____ Data for processing

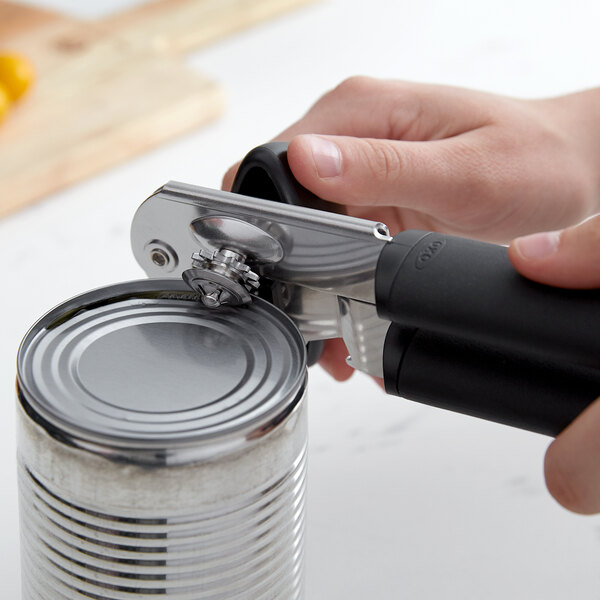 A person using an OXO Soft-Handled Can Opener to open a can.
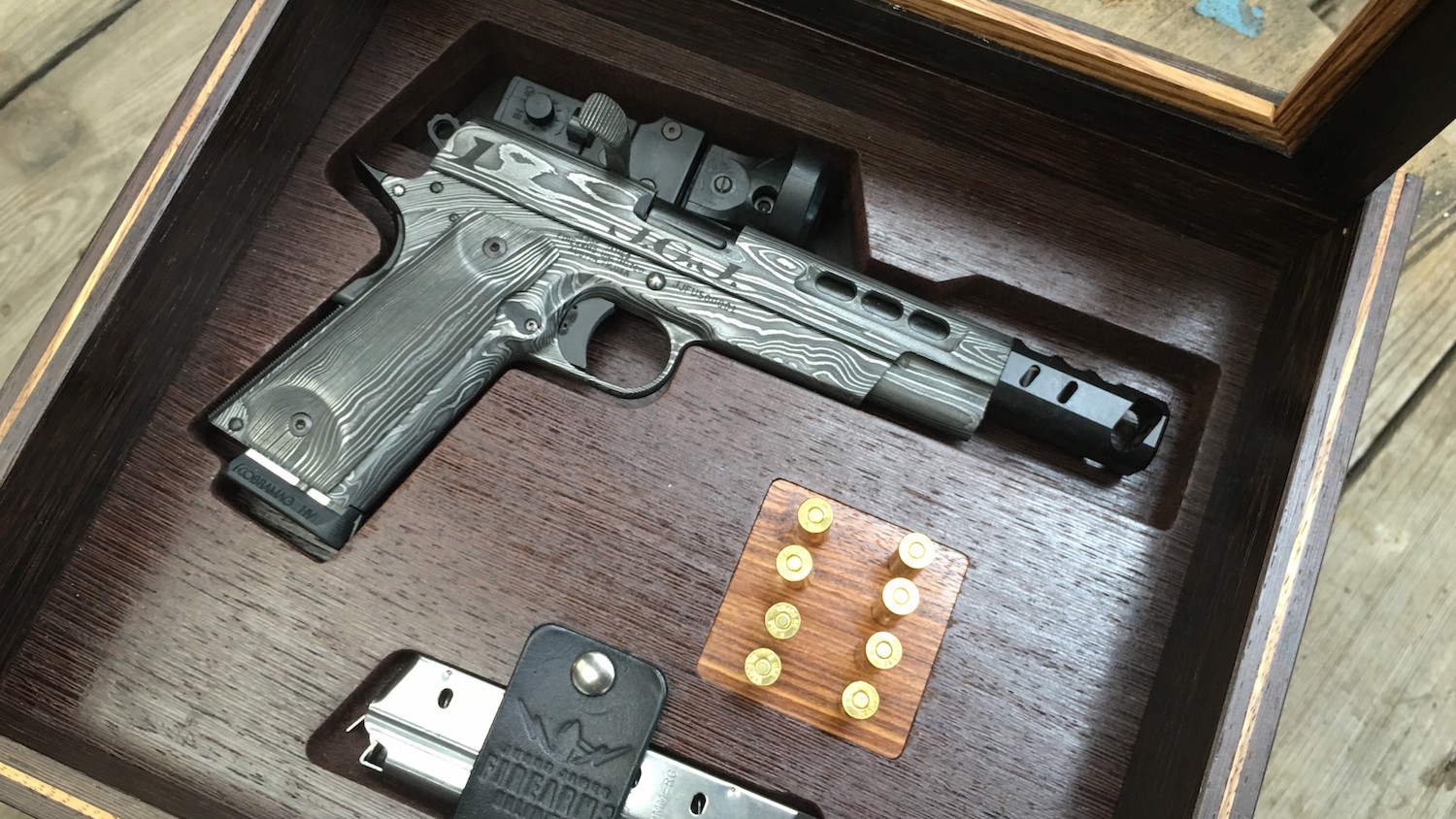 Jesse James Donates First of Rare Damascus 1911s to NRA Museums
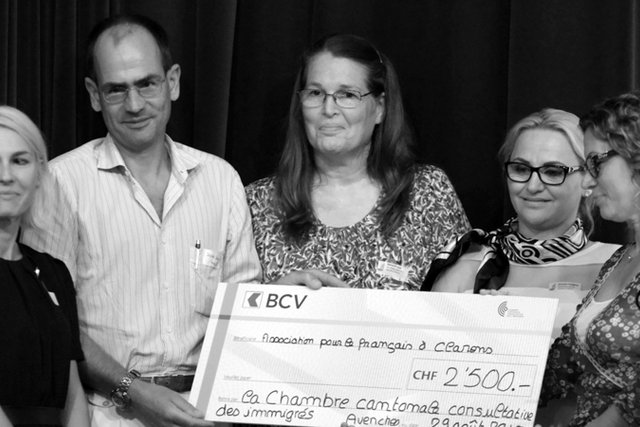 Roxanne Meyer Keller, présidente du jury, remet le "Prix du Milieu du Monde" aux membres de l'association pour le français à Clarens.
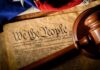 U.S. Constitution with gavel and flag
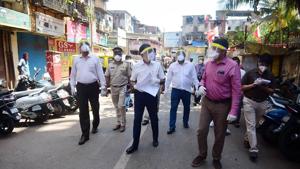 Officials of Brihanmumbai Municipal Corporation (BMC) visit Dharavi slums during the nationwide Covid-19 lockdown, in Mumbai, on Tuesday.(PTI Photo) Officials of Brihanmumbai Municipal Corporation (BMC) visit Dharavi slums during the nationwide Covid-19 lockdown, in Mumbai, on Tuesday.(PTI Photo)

________

*Exercise aim*. Nothing but the records, restated word for word and stripped of images, belongs in the answer.

*Answer area*.
 A person using an OXO Soft-Handled Can Opener to open a can.
 Jesse James Donates First of Rare Damascus 1911s to NRA Museums
 Roxanne Meyer Keller, présidente du jury, remet le "Prix du Milieu du Monde" aux membres de l'association pour le français à Clarens.
 U.S. Constitution with gavel and flag
 Officials of Brihanmumbai Municipal Corporation (BMC) visit Dharavi slums during the nationwide Covid-19 lockdown, in Mumbai, on Tuesday.(PTI Photo) Officials of Brihanmumbai Municipal Corporation (BMC) visit Dharavi slums during the nationwide Covid-19 lockdown, in Mumbai, on Tuesday.(PTI Photo)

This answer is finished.